## What the task asks
Lines below that include the word "Premium" should each be copied.

Segment Start: Records supplied

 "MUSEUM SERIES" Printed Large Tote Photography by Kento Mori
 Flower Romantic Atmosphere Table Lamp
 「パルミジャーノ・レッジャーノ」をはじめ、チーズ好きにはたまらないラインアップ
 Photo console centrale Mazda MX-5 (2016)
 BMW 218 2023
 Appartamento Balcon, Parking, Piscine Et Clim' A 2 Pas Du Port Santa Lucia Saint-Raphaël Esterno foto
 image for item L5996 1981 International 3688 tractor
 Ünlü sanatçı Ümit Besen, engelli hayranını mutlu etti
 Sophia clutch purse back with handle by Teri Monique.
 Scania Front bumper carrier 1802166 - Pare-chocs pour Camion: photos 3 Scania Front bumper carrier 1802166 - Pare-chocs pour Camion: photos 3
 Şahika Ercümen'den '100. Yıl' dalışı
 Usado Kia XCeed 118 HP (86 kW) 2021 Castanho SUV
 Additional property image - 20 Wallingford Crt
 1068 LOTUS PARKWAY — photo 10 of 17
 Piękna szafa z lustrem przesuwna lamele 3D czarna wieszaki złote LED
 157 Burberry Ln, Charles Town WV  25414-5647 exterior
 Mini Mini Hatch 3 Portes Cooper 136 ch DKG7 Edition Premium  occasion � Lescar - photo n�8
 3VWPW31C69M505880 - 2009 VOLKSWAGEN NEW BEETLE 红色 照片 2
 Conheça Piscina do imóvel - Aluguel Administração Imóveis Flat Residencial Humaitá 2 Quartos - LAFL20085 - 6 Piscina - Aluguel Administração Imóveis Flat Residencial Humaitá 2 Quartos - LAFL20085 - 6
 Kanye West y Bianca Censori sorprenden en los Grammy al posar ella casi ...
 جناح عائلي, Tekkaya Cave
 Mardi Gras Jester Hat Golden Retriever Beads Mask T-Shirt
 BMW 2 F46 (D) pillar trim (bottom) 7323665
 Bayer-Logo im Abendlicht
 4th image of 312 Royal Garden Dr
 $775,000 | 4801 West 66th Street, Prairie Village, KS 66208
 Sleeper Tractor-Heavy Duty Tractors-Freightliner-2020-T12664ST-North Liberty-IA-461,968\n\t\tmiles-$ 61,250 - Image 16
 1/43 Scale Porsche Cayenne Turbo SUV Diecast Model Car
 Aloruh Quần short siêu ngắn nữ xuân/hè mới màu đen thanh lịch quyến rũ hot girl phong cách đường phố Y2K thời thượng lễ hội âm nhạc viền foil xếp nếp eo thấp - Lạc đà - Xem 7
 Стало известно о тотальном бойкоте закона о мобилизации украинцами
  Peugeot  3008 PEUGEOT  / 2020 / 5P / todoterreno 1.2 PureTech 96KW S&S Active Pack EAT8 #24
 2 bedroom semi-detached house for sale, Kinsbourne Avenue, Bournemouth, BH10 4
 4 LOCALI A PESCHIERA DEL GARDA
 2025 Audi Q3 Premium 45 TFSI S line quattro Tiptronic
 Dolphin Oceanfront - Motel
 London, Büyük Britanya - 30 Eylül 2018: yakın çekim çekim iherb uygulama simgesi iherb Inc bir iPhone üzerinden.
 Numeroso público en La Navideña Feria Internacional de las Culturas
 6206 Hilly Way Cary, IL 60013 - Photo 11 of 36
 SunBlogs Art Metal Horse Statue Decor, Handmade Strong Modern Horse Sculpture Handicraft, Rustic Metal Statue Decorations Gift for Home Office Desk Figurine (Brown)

Segment End: Records supplied

## Written response
 Mini Mini Hatch 3 Portes Cooper 136 ch DKG7 Edition Premium  occasion � Lescar - photo n�8
 2025 Audi Q3 Premium 45 TFSI S line quattro Tiptronic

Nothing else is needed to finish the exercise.